As widely anticipated, the RBA left the cash rate unchanged at 1.5%, historic low since August 2016. Policymakers remained confident over the economic outlook, but stayed cautious over the strength in property prices. Again, they warned that recent appreciation in Australian dollar would weigh on the outlook for growth and employment, and prolong soft inflation. . It appeared that the central bank would keep its policy rate unchanged at the current level for some time.
The central bank retained the view that Australia's economy would 'gradually pick up over the coming year' as 'the decline in mining investment' would end soon while 'non-mining investment has improved recently and reported business conditions are at a high level'. On the job market, policymakers noted that employment growth 'has been stronger over recent months and has increased in all states' while different forward-looking indicators have pointed to 'solid growth in employment over the period ahead'. However, wage growth has remained low. RBA believed that subdued wage growth would continue for some time, 'although stronger conditions in the labour market should see some lift in wages growth over time'.
On the housing market, the RBA noted that 'conditions in the housing market continue to vary considerably around the country. Housing prices have been rising briskly in some markets, although there are signs that conditions are easing, especially in Sydney. In some other markets, prices are declining'.

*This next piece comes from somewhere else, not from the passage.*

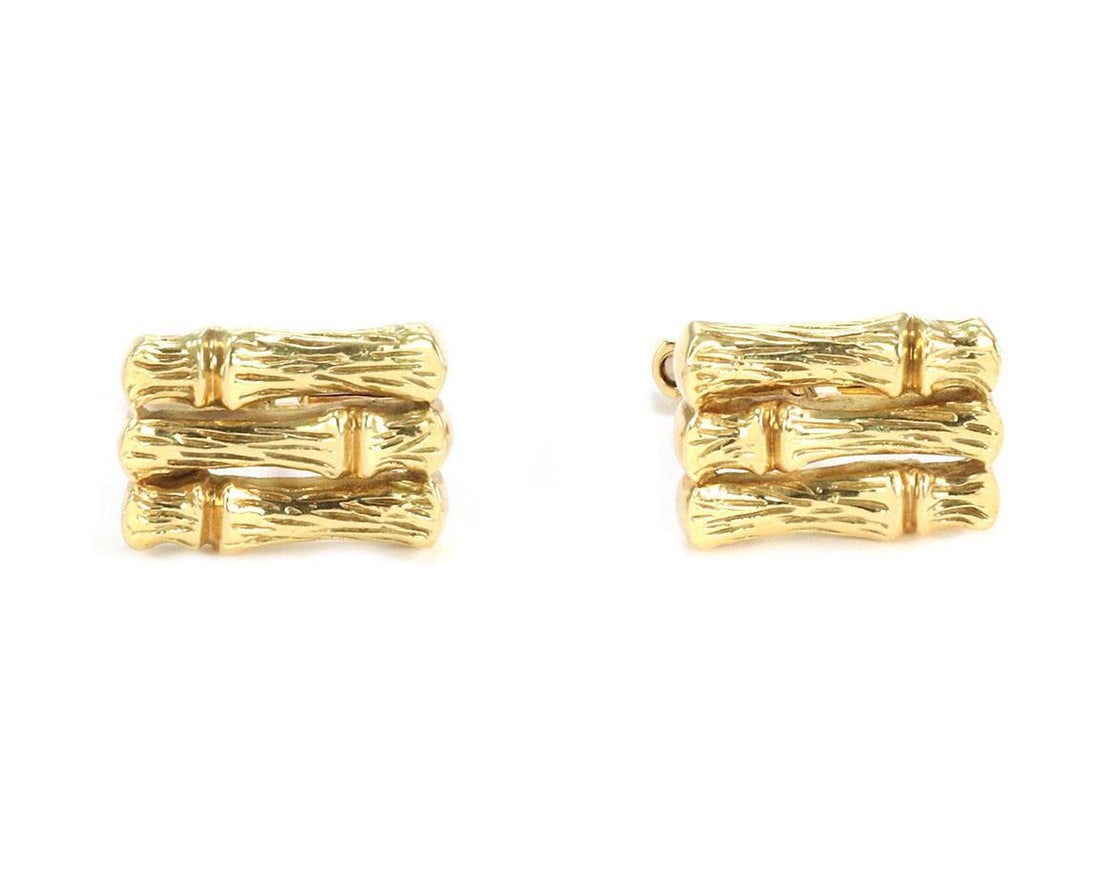 Tiffany & Co. Bamboo Cufflinks Vintage 18k Yellow Gold Signed: Tiffany & Co. Bamboo Cufflinks Vintage 18k Yellow Gold Signed Discover these exquisite cufflinks from the iconic BAMBOO Collection by Tiffany & Co. Expertly crafted in authentic 18k yellow gold, these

RBA acknowledged that AUD's appreciation over the past months was partly driven by USD's weakness. It reiterated the warning that 'the higher exchange rate is expected to contribute to the subdued price pressures in the economy. It is also weighing on the outlook for output and employment. An appreciating exchange rate would be expected to result in a slower pick-up in economic activity and inflation than currently forecast'. While AUDUSD has been in consolidation since the last RBA meeting, the pair has gained +10% since the beginning of the year.